Social Security is facing an imminent cash crunch
Since its inception, the Social Security Board of Trustees has provided a comprehensive annual report detailing the short-term (10 year) and long-tem (75 year) outlook for the program. Despite a major bipartisan overhaul in 1983 under the Reagan administration, the trustees' report has been warning of a cash shortfall over the long run since 1985. This cash shortfall implies that the existing payout schedule isn't sustainable without additional revenue, expenditures cuts, or some combination of the two.
Possibly beginning in 2019, or very soon thereafter, the program will hit its inflection point of expending more than it's collecting. Once this net cash outflow begins, it's expected to widen with each passing year, ultimately leading to the depletion of Social Security's nearly $2.9 trillion in asset reserves by 2034. If Congress fails to act, an across-the-board benefit cut of up to 21% may be needed to sustain payouts through 2092. And since more than three out of five of today's retired workers lean on Social Security for at least half of their monthly income, this is a scary outlook.
It's for these reasons that the American public has called on Congress and President Trump to resolve Social Security's projected $13.2 trillion cash shortfall. The big question is: Has Donald Trump enacted policies to strengthen Social Security?

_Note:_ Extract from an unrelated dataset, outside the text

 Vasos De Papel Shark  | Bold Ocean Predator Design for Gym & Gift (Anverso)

The answer depends on your time frame.
Trump's indirect approach has made Social Security stronger in the very short term
Whereas most working and retired Americans would prefer direct changes to Social Security, President Trump has advocated against directly amending the program.
While speaking at the Conservative Political Action Conference in 2013, Trump suggested that directly amending Social Security is akin to political suicide, without using those exact words. Trump understands that one of the consequences of directly altering Social Security is that some group of people, whether it be the wealthy or future retirees, are going to be worse off than they are now, and that could mean losing votes come the election time.

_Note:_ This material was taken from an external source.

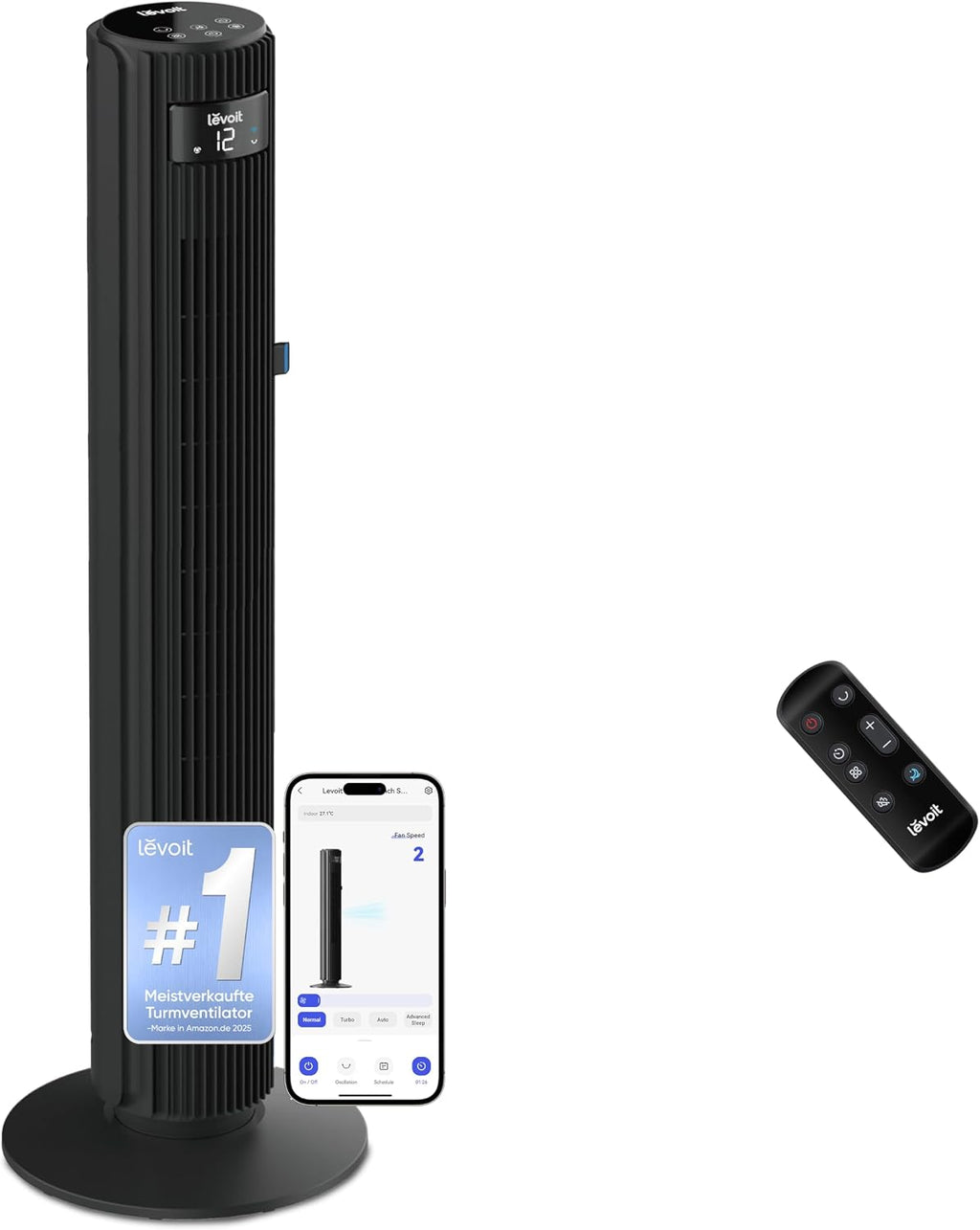 Levoit LTF-F422S-KEU Classic Pro Smart Turmventilator – 12 Stufen, 25dB, 2844m³/h, Alexa, App, Schwarz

Instead, Trump has approached strengthening Social Security through indirect action. More specifically, the passage of the president's Tax Cuts and Jobs Act (TCJA) was, to some degree, targeted at improving Social Security's financial health. Since nearly 88% of the revenue collected by the program is derived from the payroll tax, the TCJA's focus on creating jobs, lifting wages, and improving economic growth, is expected to increase the amount of wages subject to the payroll tax each year.
The question is: Did this happen?
In the very short term, and with the full impacts of the TCJA yet to be analyzed, Trump's fiscal policy does appear to have helped strengthen Social Security. In 2018, the trustees had been calling for a net cash outflow of $1.7 billion from asset reserves. Instead, close to $3.2 billion in net cash surplus was added to the reserves last year as GDP growth topped 2% in every quarter.

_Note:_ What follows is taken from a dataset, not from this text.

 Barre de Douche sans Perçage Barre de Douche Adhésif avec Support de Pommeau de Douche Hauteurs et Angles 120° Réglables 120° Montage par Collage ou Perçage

The president's fiscal policy isn't helping Social Security one iota over the long run
However, tinkering with fiscal policy is no solution to Social Security's $13.2 trillion cash shortfall. Even with a temporary boost to economic growth, we know that GDP growth slowdowns and recessions are a natural part of the economic cycle. This means that the payroll tax and wage boost that lifted Social Security's revenue collection in 2018 isn't sustainable over a long period of time.
The fact of the matter is that the longer President Trump and Congress hold off on passing direct fixes to the program, the costlier and more painful it'll be on working Americans.
The cost to fix Social Security is expressed by the trustees' report as the "actuarial deficit." The actuarial deficit represents the percentage increase needed in the payroll tax on earned income today to completely offset the coming $13.2 trillion cash shortfall between 2034 and 2092, as well as ensure that enough money is leftover come 2092 to fully cover expenditures for 2093 (i.e., a trust fund ratio of 100%).
Today, 12.4% of earned income between $0.01 and $132,900 is subject to the payroll tax, with earned income above this amount exempt. In 2018, the actuarial deficit was estimated at 2.84%. Essentially, the trustees have implied that a 15.24% payroll tax (12.4% plus 2.84%) is needed on earned income to sustain the existing payout schedule, without any further cuts, through 2092. But the longer lawmakers wait, the higher this actuarial deficit goes. And the higher this deficit goes, the more working Americans will have to pay into Social Security to right the ship.
In sum, since no amount of fiscal or monetary policy can keep economic growth from slowing or entering a recession, Trump hasn't done anything to strengthen Social Security over the long run. The TCJA is a temporary fix that worked in 2018, but direct resolutions are going to be needed if the program is going to truly be strengthened for current and/or future generations.